Recently, I was updating the pages I maintain for the Southeast Texas GigaPOP (SETG), a consortium of higher-education institutions that make use of a Houston-area MAN to facilitate high-speed network connections among themselves and to the Lonestar Research and Education Network (LEARN). I had been using MRTG for years to plot the usage on the links that make up the MAN and wanted to update that installation to the latest software. Because the MAN make use of Cisco Catalyst 6500 switches and a Juniper MX-Series switch, I thought it would be great to make use of the new experimental features to make the usage information easier to navigate and eliminate information that would not be interesting to the consortium members.
The new experimental features in cfgmaker seem to be optimized for Cisco Systems gear and that made it very easy to customize the configuration file for the Cisco Catalyst 6500s in the SETG MAN. For these devices, I was primarily interested in reporting on the input and output usage on the physical interfaces. To create a configuration file just for those interfaces, I invoked cfgmaker using this command line:
cfgmaker --ifdesc=alias --global 'options[_]:bits' --global 'WriteExpires:Yes' --global 'IconDir:/icons/' --global 'WorkDir:/local/mrtg/data/devicename' --output='/local/mrtg/cfg/devicename.cfg' --if-filter='((!$if_is_ciscovlan && !$if_is_loopback && $if_type!=53 && $if_type!=1) && $if_admin && $if_oper)' --snmp-options=:::::2 community@device.gigapop.gen.tx.us
The experimental feature exploited here is the if-filter directive. In this particular case, I didn’t want anything related to Cisco VLANs, Loopbacks or devices of type 1 (a catch-all for types not specified in the SNMP standards) or 53 (a virtual interface). I wanted the interfaces reported on to be both administratively and operationally up. This generated a configuration file that contained only physical interfaces and that satisfied my requirements for these devices.
For the Juniper MX, it was harder because the SNMP device type reported for the management port and some other ports that were not of interest would not be covered by the same filter. So, I modified the filter for the Juniper to explicitly exclude the devices with descriptions that matched the names of the devices that were not of interest. The command line I used for it was this:
cfgmaker --ifdesc=alias --global 'options[_]:bits' --global 'WriteExpires:Yes' --global 'IconDir:/icons/' --global 'WorkDir:/local/mrtg/data/devicename' --output='/local/mrtg/cfg/devicename.cfg' --if-filter='((!$if_is_loopback && $if_type!=53 && $if_type!=1 && $if_type!=135 && ($if_description !~ /em|fxp|pd|pe|gr|ip|vt|mt|pd/)) && $if_admin && $if_oper)' --snmp-options=:::::2 community@devicename.gigapop.gen.tx.us
Here I added device type 135 (Layer 2 VLAN using 802.1Q) and used the $if_description along with a Perl pattern binding operator to eliminiate those devices with descriptions that were not of interest.

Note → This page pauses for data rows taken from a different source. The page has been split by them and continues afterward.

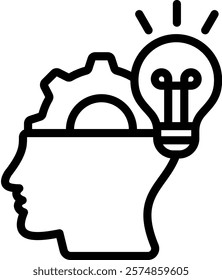 Creative Thinking Icon Outline Vector Illustration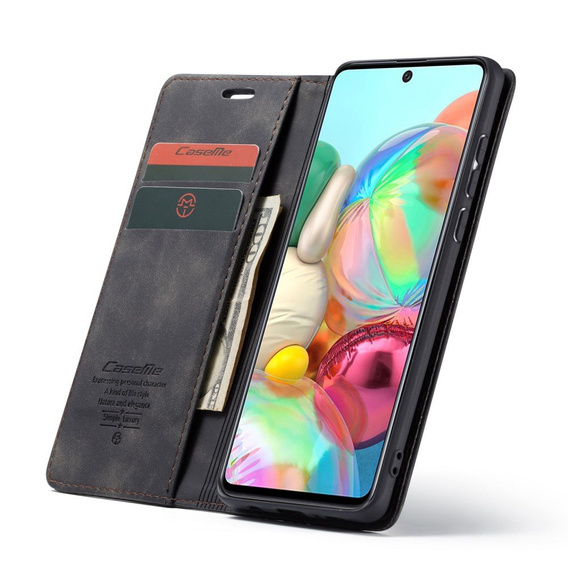 Pouzdro CASEME pro Samsung Galaxy A71, Leather Wallet Case, černé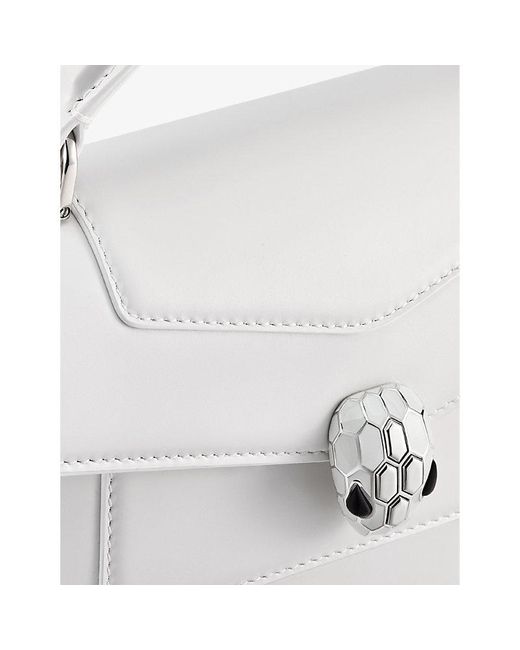 BVLGARI White Serpenti Forever Leather Top-handle Bag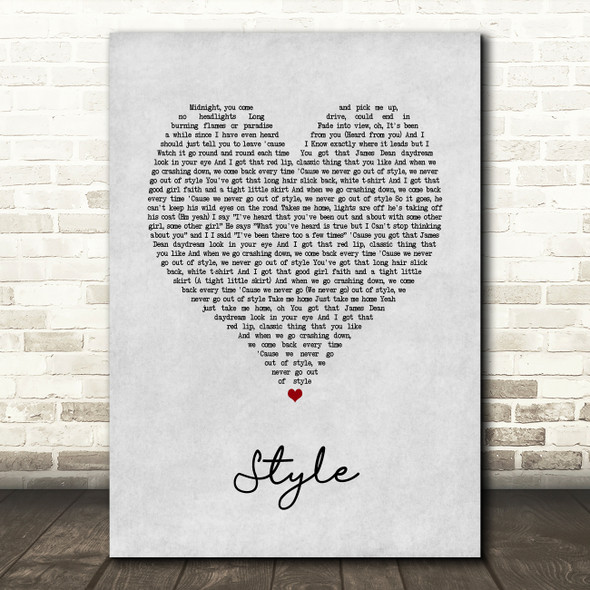 Taylor Swift Style Grey Heart Song Lyric Art Print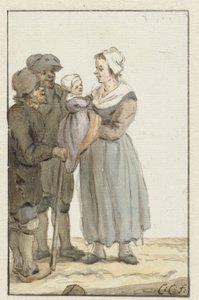 Femme avec enfant près de deux hommes - Christina Chalon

After I updated mrtg to use the new configuration files in its polling, I was ready to use indexmaker to build the index pages. The only thing I was doing different from the default here is setting the title of the page. The command line looks like this:
indexmaker --title="Devicename Node" /local/mrtg/cfg/devicename.cfg
The results of all this work is available at http://www.gigapop.gen.tx.us/mrtg/. [Due to some idiosyncrasies with how IPv6 is currently configured for SETG, you may want to try the IPv4 URL which is http://www.ipv4.gigapop.gen.tx.us/mrtg/.]
Of course, there are more experimental features available in MRTG than if-filter, but it was the one I thought most interesting and about which I could not find much information in other blogs. I do hope that the MRTG team will keep it in the software as they continue to develop the next release of MRTG.